Following Krebs and Jackson (2007), we acknowledge that it is very difficult to determine empirically the ‘true’ motivations for actors’ behaviour – that is, whether behaviour is shaped principally by ideas or material interests. Instead, our approach to the analysis is based on the broad assumption that political actors behave strategically, but that understandings of acceptable strategic behaviour are infused by social norms (see Murray-Evans, 2018; Seabrooke, 2006). That is to say, norms impose a – broad and open to interpretation – logic of appropriateness that actors both invoke and seek to abide by to legitimate their strategic behaviour and pursue their interests (perceived or otherwise). Our intention, therefore, is not to empirically weigh up the causal importance of social norms versus material interests in the case of EAC pharmaceutical policy, but rather to make sense of the origins and implementation of this policy by tracing the key norms that shaped it and the processes through which these norms were moulded and localized by strategic actors. It is our contention that doing so generates a compelling account of the politics of EAC pharmaceutical policy – as well as broader processes of global and regional change in the politics of pharmaceutical production.
Access to medicines: from TRIPS to local production
Pharmaceuticals have long been viewed as a strategic sector for countries pursuing economic transformation and industrialization. During the 1960s and 1970s, many African countries saw an increase in pharmaceutical production under import-substitution industrialization (Banda et al., 2016: 10). By the 1980s and 1990s, however, the perception that these policies had engendered higher consumer prices had contributed to the widespread view that the promotion of local pharmaceutical production and the achievement of access to medicines in line with public health aims were inherently conflictual (Shadlen and da Fonseca, 2013: 563). Scepticism about local production was exemplified by an influential paper written for the World Bank by Warren Kaplan and Richard Laing (2005), which argued: [I]n many parts of the world, producing medicines domestically makes little economic sense. If many countries begin local production, the result may be less access to medicines, since economies of scale may be lost if there are production facilities in many countries. (p. iii)

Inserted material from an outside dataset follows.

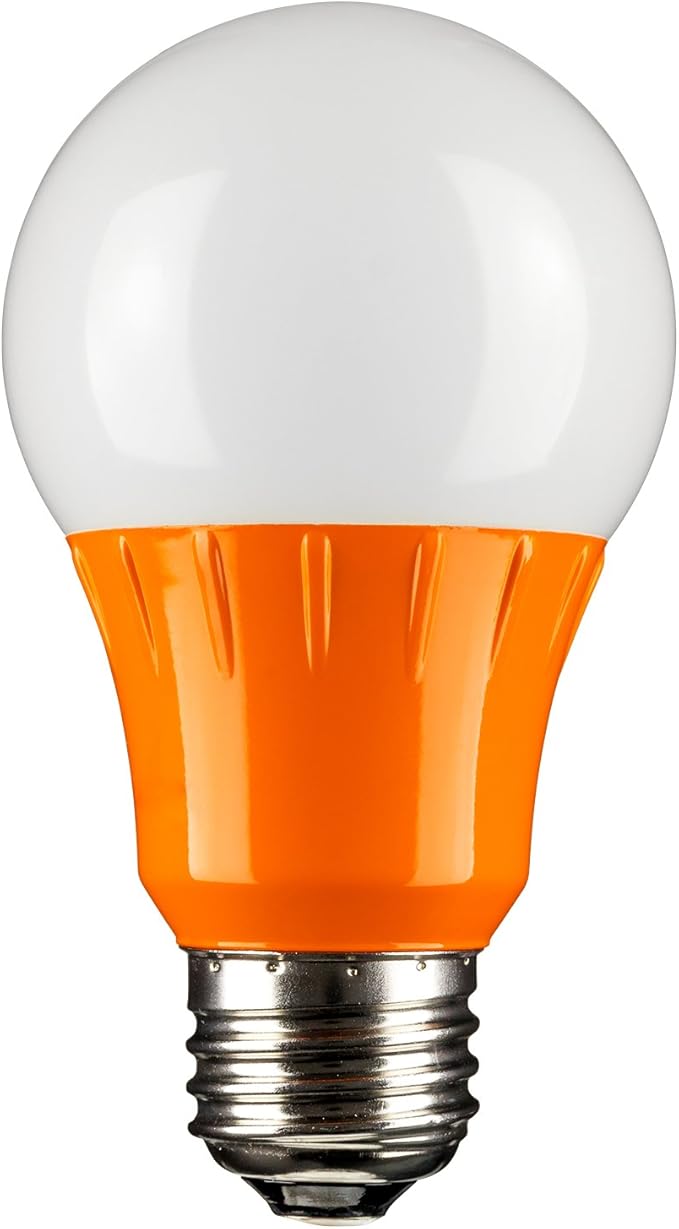 Sunlite 40470 LED A19 Colored Light Bulb, 3 Watts (25w Equivalent), E26 Medium Base, Non-Dimmable, UL Listed, Party Decoration, Holiday Lighting, 6 Count, Orange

This view aligned with the then dominant neoliberal global development regime (Gore, 2000), which eschewed national or regional efforts to protect or promote strategic industrial sectors in favour of the claim that global markets would deliver efficient production and – in the case of pharmaceuticals – access to medicines at the cheapest prices.
In short, by the 1990s a global norm had come to be set in place where access to medicines for developing countries was viewed to be best served by global price competitiveness, rather than through promoting domestic pharmaceutical production through industrial and trade policy interventions. This norm was reinforced by organizations such as the World Bank and World Health Organization (WHO), which discouraged developing countries from pursuing these policy measures (Shadlen and da Fonseca, 2013: 563). It was given further credence in 1995 with the entry into force of the World Trade Organization’s (WTO) Trade-Related Aspects of Intellectual Property Rights (TRIPS) agreement. This required developing countries with previously lax or non-existent patent regimes for pharmaceutical products and processes to introduce more stringent rules, albeit with a delay until 2005 for developing countries and 2016 for least developed countries. The consequence of this was that it further restricted the policy space of developing countries to support local pharmaceutical production and increased their reliance on foreign imported medicines (’t Hoen et al., 2011).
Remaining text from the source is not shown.